Excerpts from a dataset
○ ○ ○
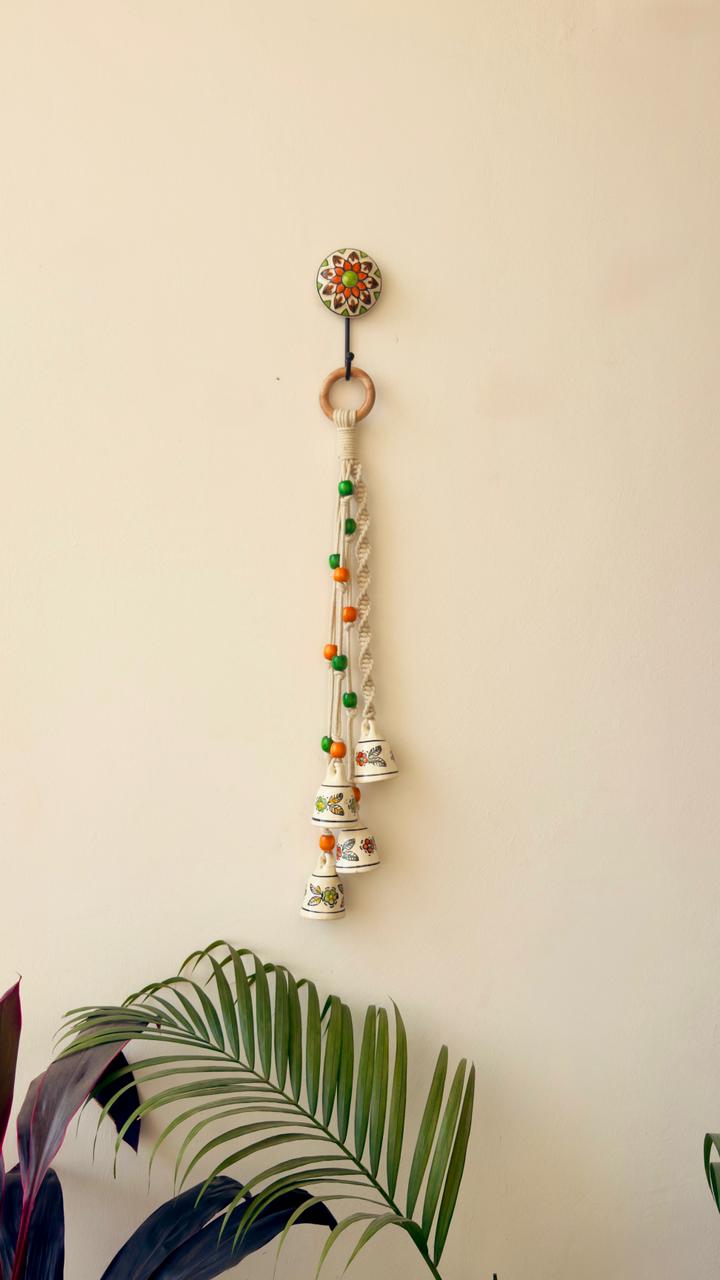 Jhilmil Green & Orange Flower Bell Bunch - Handcrafted Macrame Wall Hanging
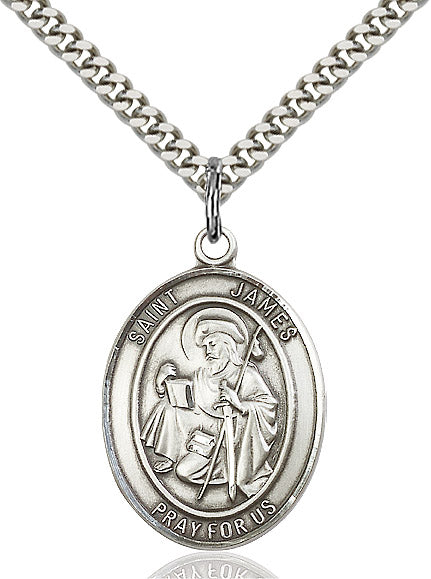 Extel Large Oval Sterling Silver St. James the Greater Pendant with 24" chain, Made in USA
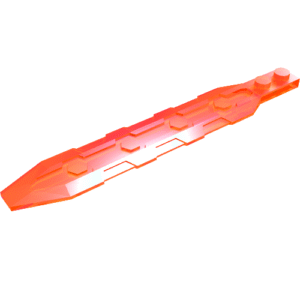 27934 – Plate, Modified 1 x 13 Sword with Angled Side Extensions, Textured Panel Inset with Hexagons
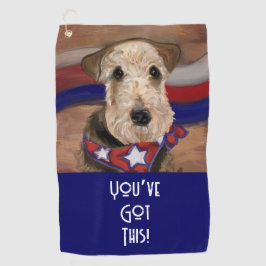 AIREDALE TERRIER GOLFHANDDOEK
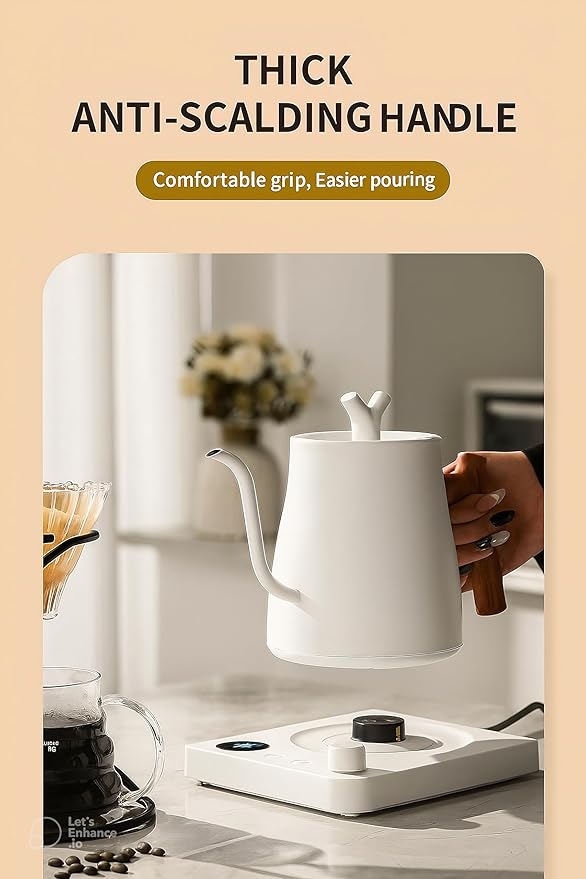[UPGRADED] Gooseneck Electric Kettle, 1L Stainless Steel, Wooden Handle Electric Kettle, Auto Shut-Off,Precise Temperature Control for Pour Over,Hot water, Coffee & Tea| US Versioin| White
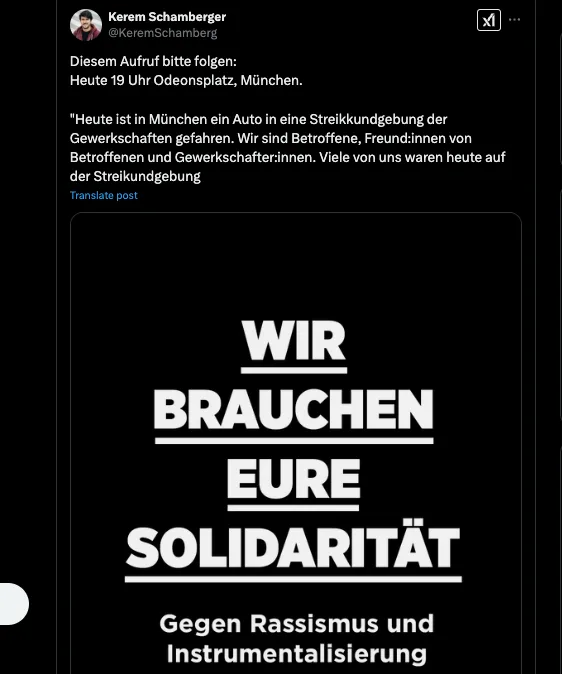 Der Kurde @keremschamberg möchte, dass möglichst viele heute seinem Demo-Aufruf folgen, um Solidarität mit dem (neuesten) Attentat-Migranten Farhad Noori zeigen.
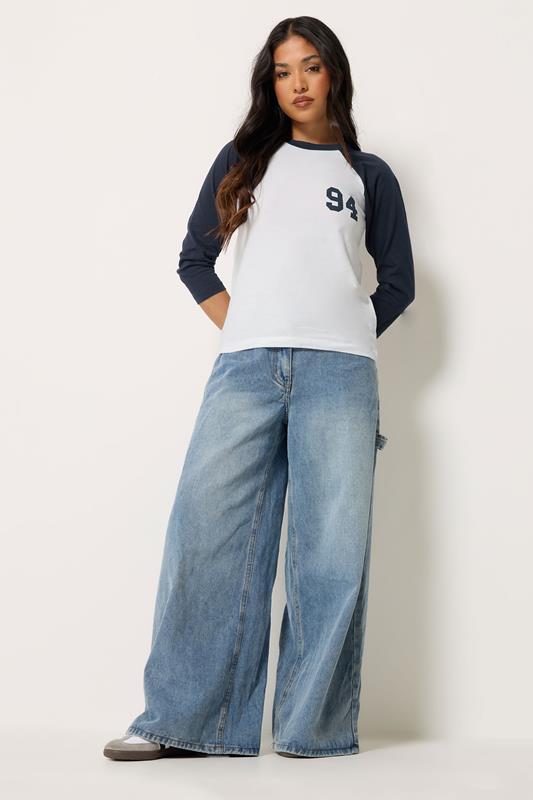 PixieGirl Petite Women's Navy Blue '94' Slogan Cotton Raglan T-Shirt | PixieGirl 1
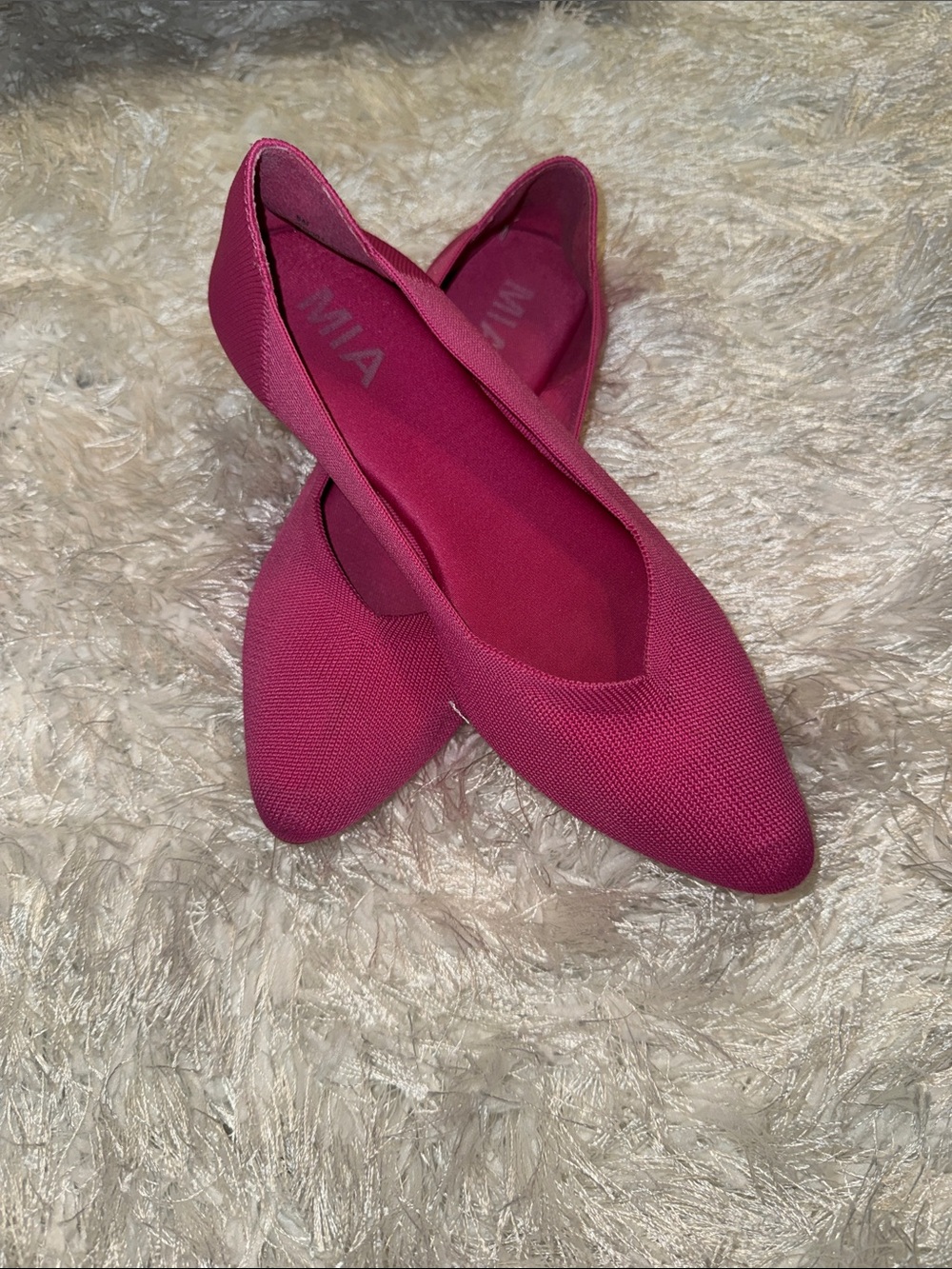 MIA Hot Pink Knit Pointed Ballet Flats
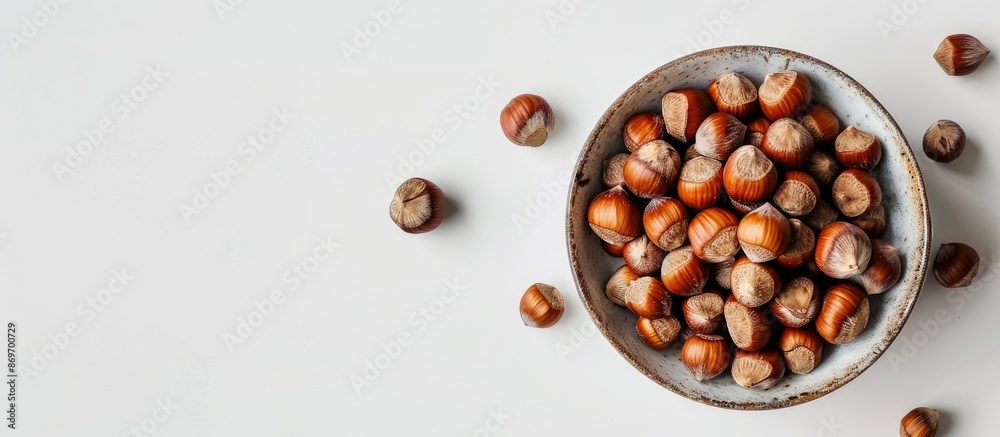Aufkleber Overhead view of a bowl filled with hazelnuts on a white backdrop with copy space image.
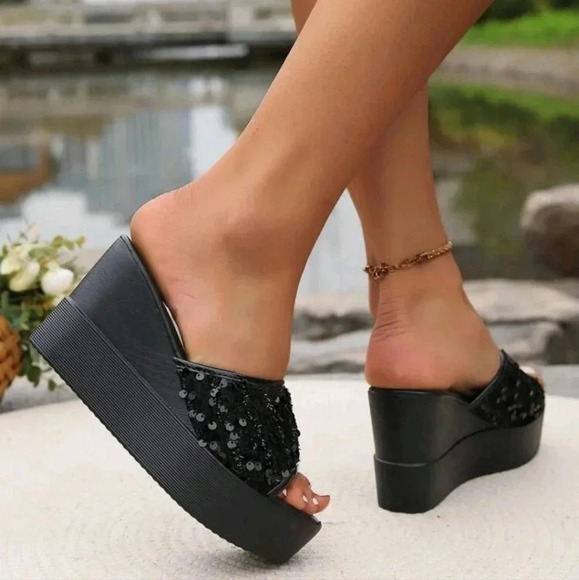 Ladies" Fashion Fish Mouth Sparkly Decorated Roman Sandals Beach Shoes Versatile - Picture 3 of 6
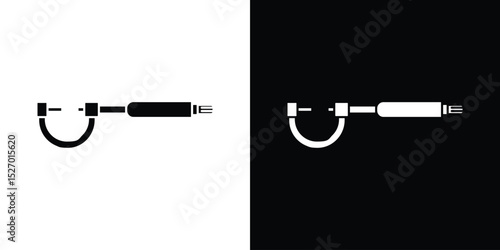 Micrometer icon in flat version on black and white background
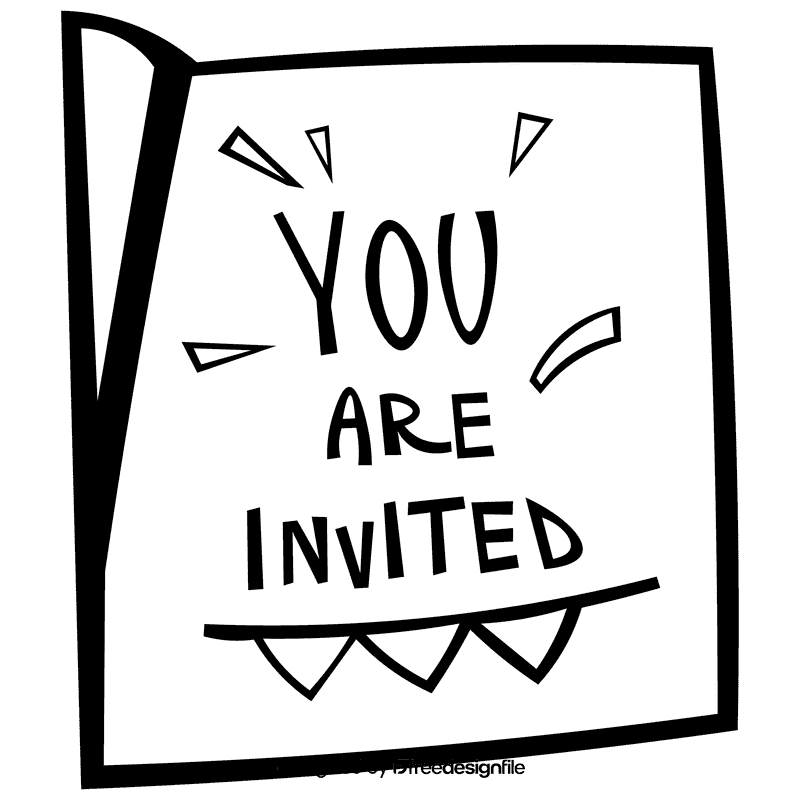 Birthday invitation purple black and white clipart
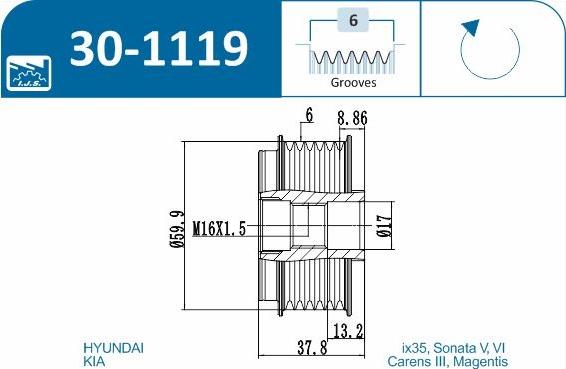 IJS GROUP 30-1119 - Kasnak, alternator, sərbəst dönərli mufta furqanavto.az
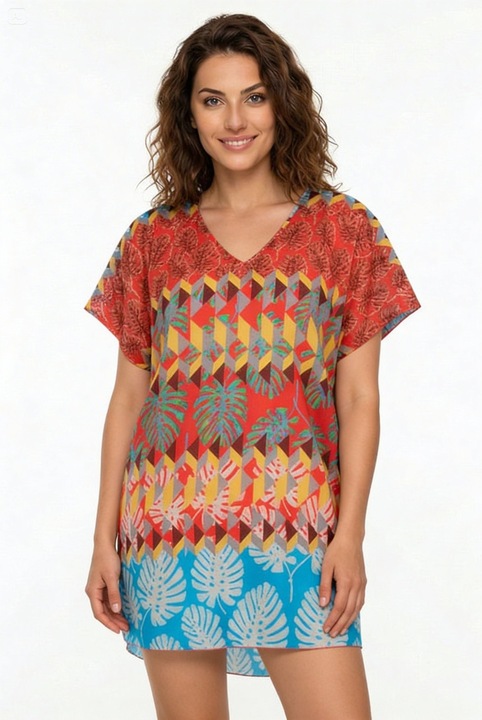 Pareo de plaja, cu model multifloral, Aker, marime universala, multicolor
○ ○ ○
Every line from the one containing "Extel Large Oval" through the last line of the data, both included, is to be repeated exactly; the pictures are to be left out.

_ANSWER FOR THIS EXERCISE:_
 Extel Large Oval Sterling Silver St. James the Greater Pendant with 24" chain, Made in USA
 27934 – Plate, Modified 1 x 13 Sword with Angled Side Extensions, Textured Panel Inset with Hexagons
 AIREDALE TERRIER GOLFHANDDOEK
[UPGRADED] Gooseneck Electric Kettle, 1L Stainless Steel, Wooden Handle Electric Kettle, Auto Shut-Off,Precise Temperature Control for Pour Over,Hot water, Coffee & Tea| US Versioin| White
 Der Kurde @keremschamberg möchte, dass möglichst viele heute seinem Demo-Aufruf folgen, um Solidarität mit dem (neuesten) Attentat-Migranten Farhad Noori zeigen.
 PixieGirl Petite Women's Navy Blue '94' Slogan Cotton Raglan T-Shirt | PixieGirl 1
 MIA Hot Pink Knit Pointed Ballet Flats
Aufkleber Overhead view of a bowl filled with hazelnuts on a white backdrop with copy space image.
 Ladies" Fashion Fish Mouth Sparkly Decorated Roman Sandals Beach Shoes Versatile - Picture 3 of 6
 Micrometer icon in flat version on black and white background
 Birthday invitation purple black and white clipart
 IJS GROUP 30-1119 - Kasnak, alternator, sərbəst dönərli mufta furqanavto.az
 Pareo de plaja, cu model multifloral, Aker, marime universala, multicolor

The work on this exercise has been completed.